Konya
Türkiye'de unutulmaya beniz tutmuş topaç, 60 yaşındaki Osmaniyeli Ekrem ustanın ellerinde yaşamaya bitmeme ediyor. Mobilyacılık icra ettiği atölyesine hasbelkader mevrut siparişle topaç hazırlamaya başlamış bulunan Demirbaş, 41 senedir el işçiliğiyle ağaca çocuk eğlencesinin yöntemini veriyor.
Ekrem usta, oyuncağı unutturmamak düşüncesince Türkiye genelinde anadan görme el sanatlarının sergilendiği etkinliklere katılarak torna tezgahında topaç yapıyor.
Demirbaş'ın tezgahını görüşme edenler, ağacın topaca dönüşmesini ve ustasının değişik tekniklerle oyuncağın ne oynanacağını göstermesini afiyetle izliyor.
Bir aktiflik düşüncesince Konya'ya mevrut Demirbaş, AA muhabirine, sanatını bitmeme ettirecek şakirt bulamasa da sağlığı ve ömrü yettikçe tezgahının başlangıcında olacağını söyledi.
Kültür ve Turizm Bakanlığınca anadan görme el sanatkarlarına maruz artist kartına da eş bulunduğunu tamlayan Demirbaş, topacı küçüklere tanıtmaya, yetişkinlere de unutturmamaya çalıştığını dile getirdi.

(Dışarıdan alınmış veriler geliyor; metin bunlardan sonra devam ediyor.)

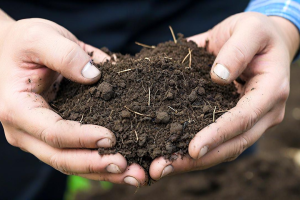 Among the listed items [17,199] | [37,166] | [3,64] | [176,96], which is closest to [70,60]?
[3,64]

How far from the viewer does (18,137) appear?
1713 millimetres

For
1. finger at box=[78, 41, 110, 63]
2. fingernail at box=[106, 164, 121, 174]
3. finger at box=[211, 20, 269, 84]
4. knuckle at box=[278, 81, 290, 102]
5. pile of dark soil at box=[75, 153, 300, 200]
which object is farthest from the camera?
pile of dark soil at box=[75, 153, 300, 200]

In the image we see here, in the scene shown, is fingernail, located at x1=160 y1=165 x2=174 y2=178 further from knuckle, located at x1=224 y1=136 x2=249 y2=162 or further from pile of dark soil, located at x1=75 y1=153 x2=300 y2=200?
pile of dark soil, located at x1=75 y1=153 x2=300 y2=200

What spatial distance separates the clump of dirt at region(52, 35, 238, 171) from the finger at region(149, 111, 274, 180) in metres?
0.04

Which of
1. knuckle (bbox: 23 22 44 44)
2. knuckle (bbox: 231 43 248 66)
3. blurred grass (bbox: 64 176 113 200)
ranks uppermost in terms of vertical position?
knuckle (bbox: 23 22 44 44)

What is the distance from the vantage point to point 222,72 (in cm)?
164

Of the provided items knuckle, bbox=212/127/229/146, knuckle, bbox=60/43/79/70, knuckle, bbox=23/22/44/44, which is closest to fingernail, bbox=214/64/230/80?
knuckle, bbox=212/127/229/146

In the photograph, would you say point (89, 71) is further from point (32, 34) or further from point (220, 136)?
point (220, 136)

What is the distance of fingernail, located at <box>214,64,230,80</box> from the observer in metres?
1.63

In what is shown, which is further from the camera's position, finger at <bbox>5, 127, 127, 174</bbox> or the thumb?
the thumb

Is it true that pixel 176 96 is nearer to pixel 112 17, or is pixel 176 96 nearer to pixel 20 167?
pixel 112 17

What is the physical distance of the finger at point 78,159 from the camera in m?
1.43

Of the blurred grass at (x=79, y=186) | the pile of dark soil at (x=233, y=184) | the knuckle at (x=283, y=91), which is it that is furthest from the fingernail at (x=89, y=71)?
the blurred grass at (x=79, y=186)

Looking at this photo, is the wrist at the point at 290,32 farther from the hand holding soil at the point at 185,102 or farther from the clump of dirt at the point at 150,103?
the clump of dirt at the point at 150,103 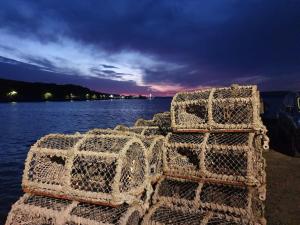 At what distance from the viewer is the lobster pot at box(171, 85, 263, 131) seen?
535 centimetres

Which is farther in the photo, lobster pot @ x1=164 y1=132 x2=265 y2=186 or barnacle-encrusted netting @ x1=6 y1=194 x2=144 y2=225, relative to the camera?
lobster pot @ x1=164 y1=132 x2=265 y2=186

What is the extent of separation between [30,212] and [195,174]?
2.83 m

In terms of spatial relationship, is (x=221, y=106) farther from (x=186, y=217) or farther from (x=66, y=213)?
(x=66, y=213)

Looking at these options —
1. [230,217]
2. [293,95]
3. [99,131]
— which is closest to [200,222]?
[230,217]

"Görünce baştan hatırlayıp bahtiyar oluyorlar"
Yurdun ciharıyek tarafındaki etkinliklere çağırma edildiğine ve elinden geldiğince hepsine katıldığına dikkati çekici Demirbaş, şu biçimde konuştu:
"Edirne, Tekirdağ, İstanbul, Ankara'ya gittim. Konya'ya 10. gelişim. Yurt haricinde da Türkmenistan'a derece gittik. Yine Sinop, Ahlat, Malazgirt, Kırşehir'e, nice kente gittim. Her gittiğim kentte çalışkan başarım sergiliyorum. İnsanlar tornayı görüyor, sesini duyup geliyor. Hem topacı görüyor aynı zamanda ne yapıldığını izliyor. Gelen de kıvançlı oluyor, tığ de kıvançlı oluyoruz. Topacı unutanlar, görür görmez baştan hatırlayıp bahtiyar oluyor."
Demirbaş, dört değişik biçimde topaç yaptığını, materyal adına da çam, portakal ve dişbudak ağaçlarını kullandığını kaydetti.
"Onlar bahtiyar olunca ego de mutu oluyorum"
Topacın, evlatların ilgilisini baş döndürücü birlikte tomar çekmese de emektar günleri anımsattığı düşüncesince yetişkinleri gülücük ettirdiğini anlatım fail Demirbaş, şunları söyledi:
"Arkamızdan mevrut kimesne yok. Bunu önleyen akıbet nesiliz. Kendi çocuklarım bile yapmadı. Elimden geldiği derece bunu yaşatmaya çalışacağım. Tezgahıma ayrıntılar da geliyor, kadınlar, rical de geliyor. Topacı çevirdiğimi gören yetişkinlerin ayakları mutluluktan adeta yerden kesiliyor. Onlar bahtiyar olunca, ego de bahtiyar oluyorum. Bazıları deniyor fakat çeviremiyor. Benim birlikte prensibim var. Çeviremeyen bir tanesini görürsem çalışıyorsam fark makineyi kapatıp ona öğretirim. mühim bulunan bireylere o mutluluğu tattırmak. Tek tesellimiz bu."